* What to produce
The lines from the one containing "10pcs Universal Bird" through the last one in the data: please copy those exactly, and only those, without the pictures.

##### Data extract #####

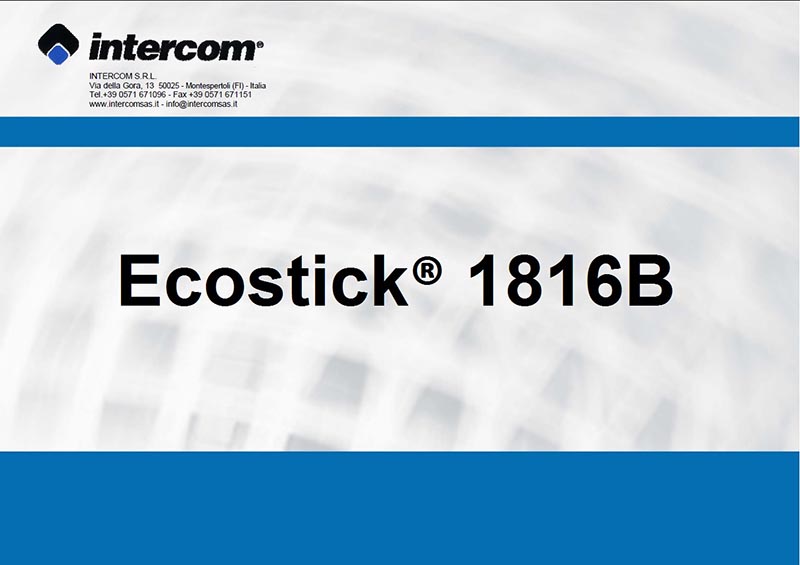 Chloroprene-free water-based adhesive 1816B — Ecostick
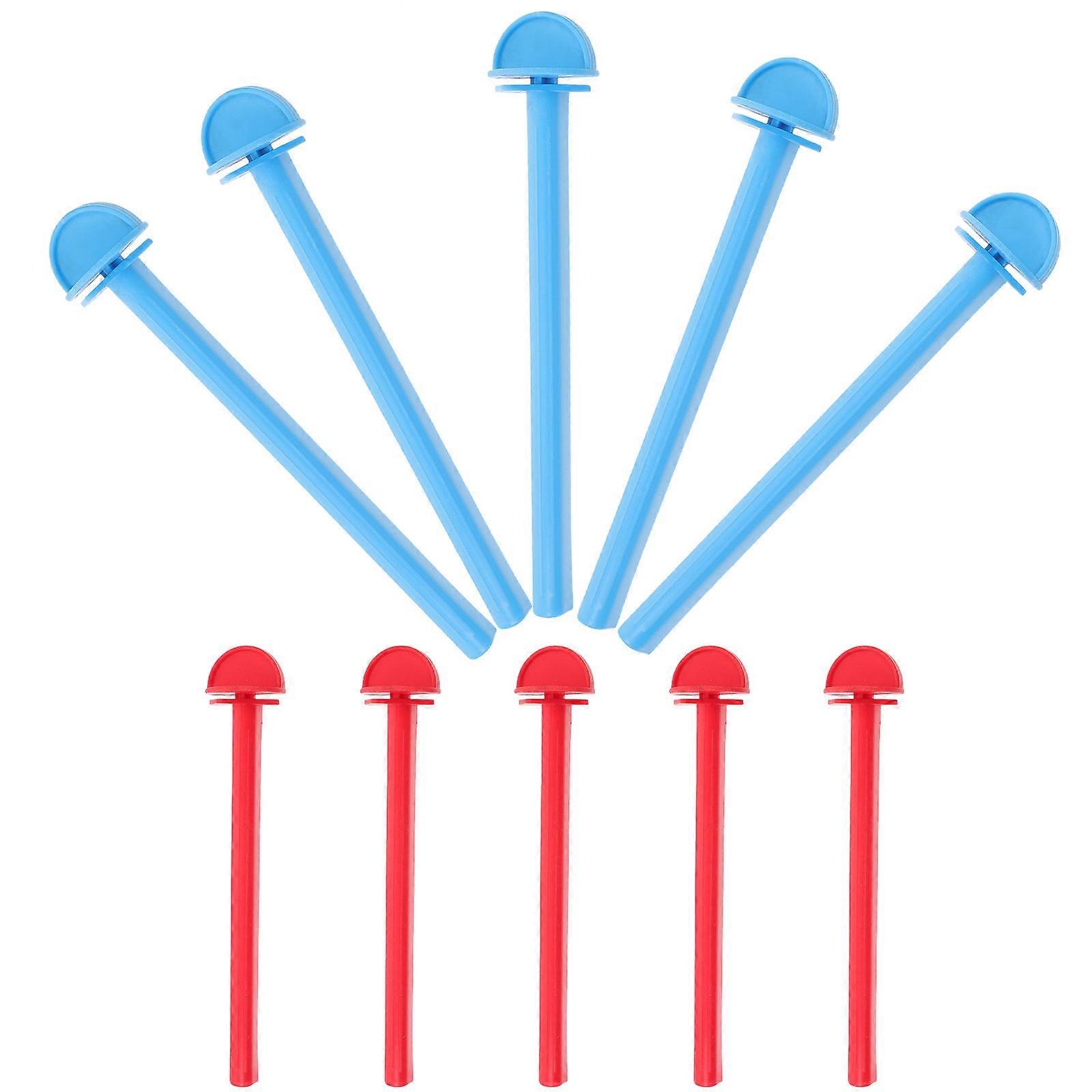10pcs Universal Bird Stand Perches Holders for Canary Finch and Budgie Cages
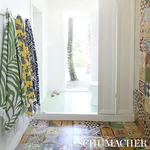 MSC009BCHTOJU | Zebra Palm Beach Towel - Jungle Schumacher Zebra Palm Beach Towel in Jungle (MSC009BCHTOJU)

#####

* Finished task
10pcs Universal Bird Stand Perches Holders for Canary Finch and Budgie Cages
 MSC009BCHTOJU | Zebra Palm Beach Towel - Jungle Schumacher Zebra Palm Beach Towel in Jungle (MSC009BCHTOJU)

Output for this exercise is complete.